Inceste, ces mères qui laissent faire
« Et ta mère ? Elle n’a rien vu ? Rien su ? Rien voulu savoir ? » Dès qu’elle raconte son histoire, Hélène, 46 ans, violée entre 9 et 13 ans par son grand-père, se voit bombardée de ces sempiternelles questions : « C’est systématique, confie-t-elle dans un petit sourire, et je ne sais pas quoi répondre. Son refus de voir, son agressivité contre moi, je ne l’explique pas. J’en souffre, c’est tout. » Dans le flot de témoignages publiés sur les réseaux sociaux sous le hashtag #MeTooInceste depuis quinze jours, il est presque toujours question du rôle des mères des victimes. Pas de celles coupables d’inceste – elles existent, mais dans des proportions minimes, représentant moins de 5 % des jugements. Mais de celles d’enfant(s) abusé(s) par un père, un beau-père, un grand-père, un frère, un oncle, un cousin… Elles sont témoins ou pas, complices ou non, aveugles ou faisant mine de l’être. Rares sont les victimes qui leur rendent hommage comme Armelle (1), violée par son beau-père, qui twitte « Ma mère m’a crue et l’a mis dehors », ou Ju’, violée très petite, qui écrit « Merci à ma mère, qui a su ce que je ne pouvais pas exprimer ».

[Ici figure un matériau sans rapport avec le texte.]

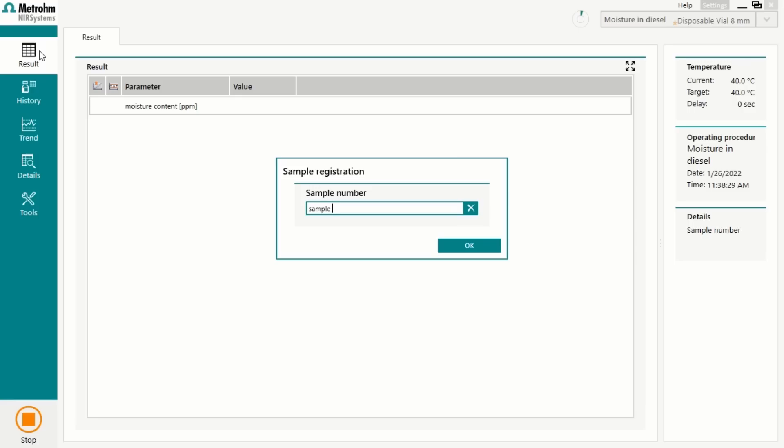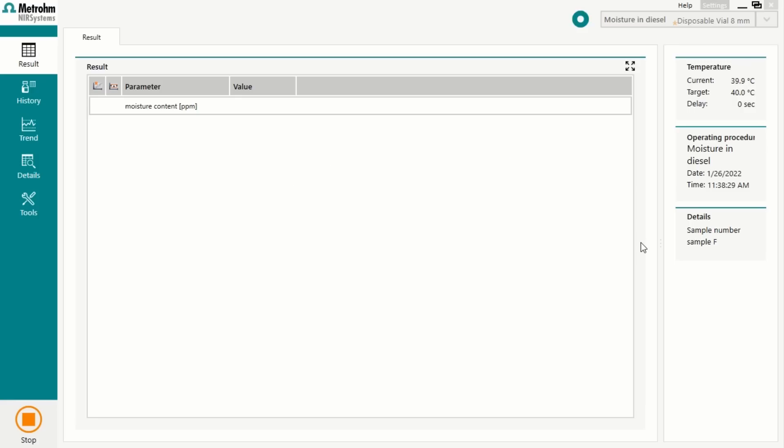To create such a prediction model, we need the absorption spectra of our sample on the one hand, and a reference value on the other. For our moisture example, we can use Karl Fischer titration to get the reference values. Whenever an unknown sample is measured, the model predicts the content of interest — in our example, moisture.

L’immense majorité raconte l’inverse, et la sacro-sainte figure de la mère protectrice prend sacrément, à la lecture des récits accablants, du plomb dans l’aile. Au hasard ? « J’avais 7 ans puis 9 environ, et aussi 12…, twitte EvelyneFéeLiseuse. J’ai osé en parler pour le troisième. J’ai cru être entendue par ma génitrice. Mais non. Elle a flippé… » Celle de JulinePernette a « voulu [l]’interner », celle de CynthiaEdl ne l’a « jamais défendue, contente que je prenne viols et coups à sa place », celle de TataHiti l’a traitée de menteuse. Réaction de la mère de Sandra, violée à 8 ans par son oncle ? « Ne me demande pas de choisir entre mon frère et toi. » La mère de Doehr faisait « semblant de dormir » lorsque sa fille était visitée la nuit par son beau-père. Celle de MonteiroArlète l’a giflée, celle de Kiikkaia a fermé les yeux par « peur de perdre son confort »… Il y a celles qui minimisent (« c’est bon, oublie tout »), relativisent (« les hommes ont des pulsions sexuelles »), ou traitent leur fille d’« affabulatrice ».